Copy only the lines between the one containing "Smiling man and" and the end of the records, both included, leaving out pictures.
#### Data section
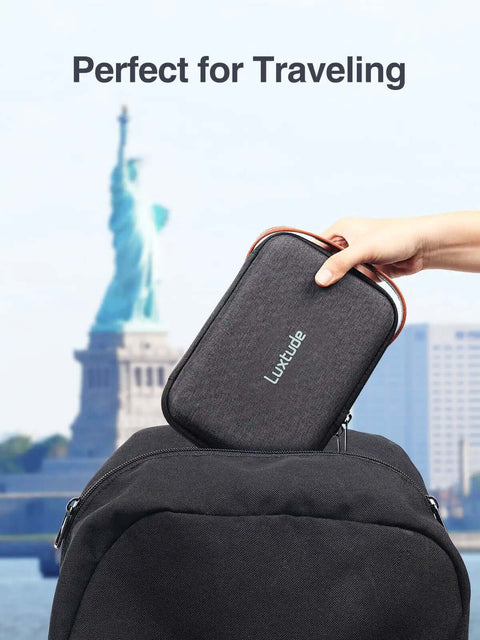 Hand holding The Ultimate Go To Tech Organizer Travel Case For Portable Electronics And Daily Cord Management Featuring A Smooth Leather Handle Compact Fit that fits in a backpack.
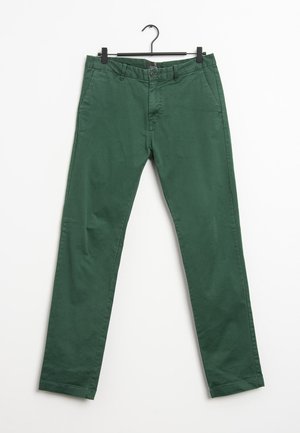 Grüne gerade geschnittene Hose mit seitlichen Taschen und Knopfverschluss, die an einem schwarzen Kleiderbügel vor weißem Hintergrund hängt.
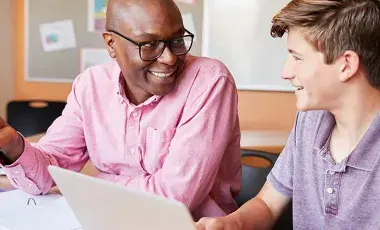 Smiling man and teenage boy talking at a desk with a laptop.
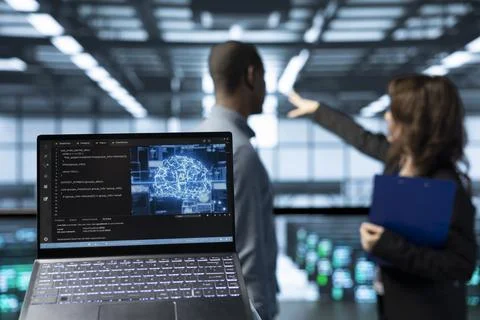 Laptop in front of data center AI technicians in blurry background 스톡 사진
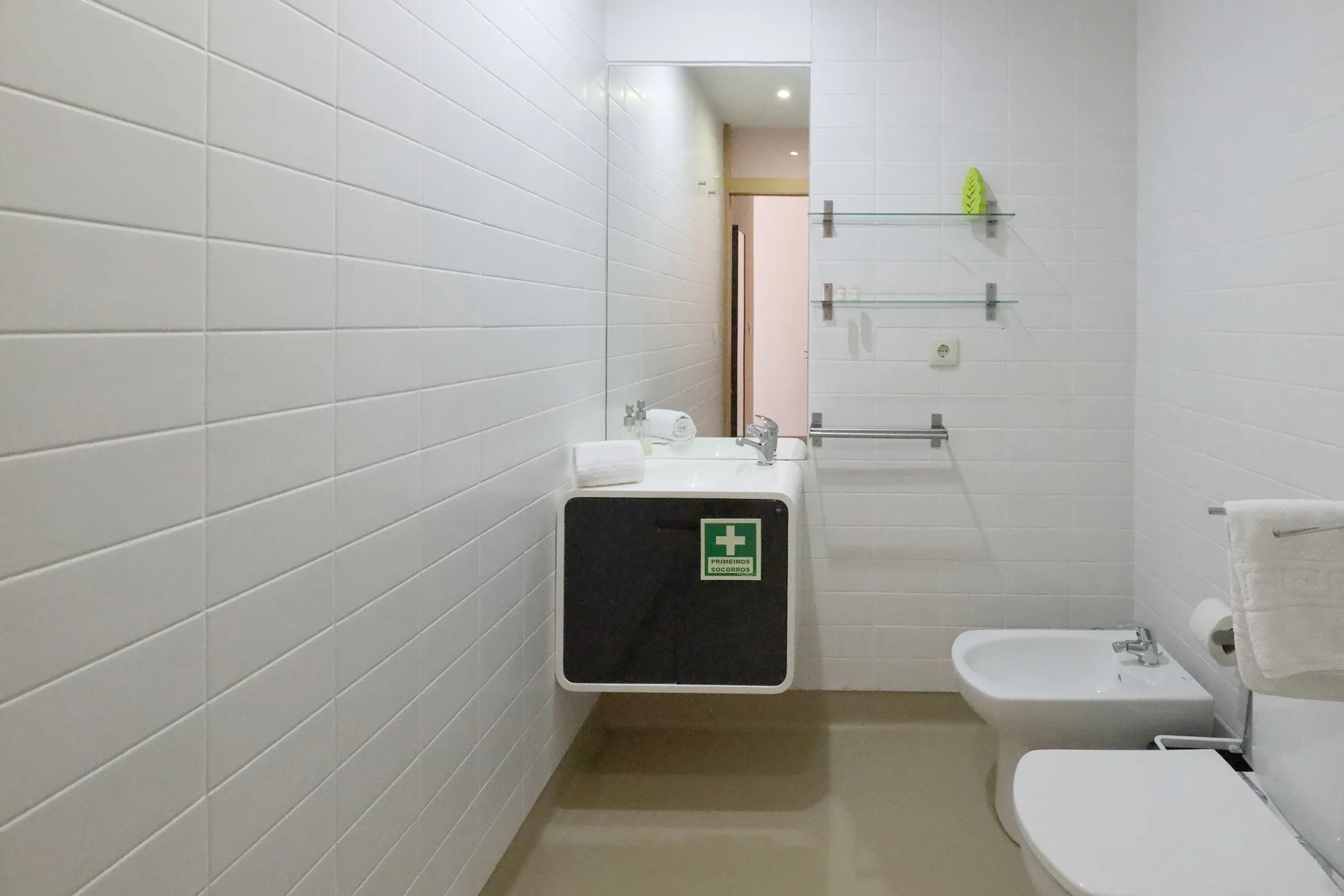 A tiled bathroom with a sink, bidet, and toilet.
########
- Reply -
 Smiling man and teenage boy talking at a desk with a laptop.
 Laptop in front of data center AI technicians in blurry background 스톡 사진
 A tiled bathroom with a sink, bidet, and toilet.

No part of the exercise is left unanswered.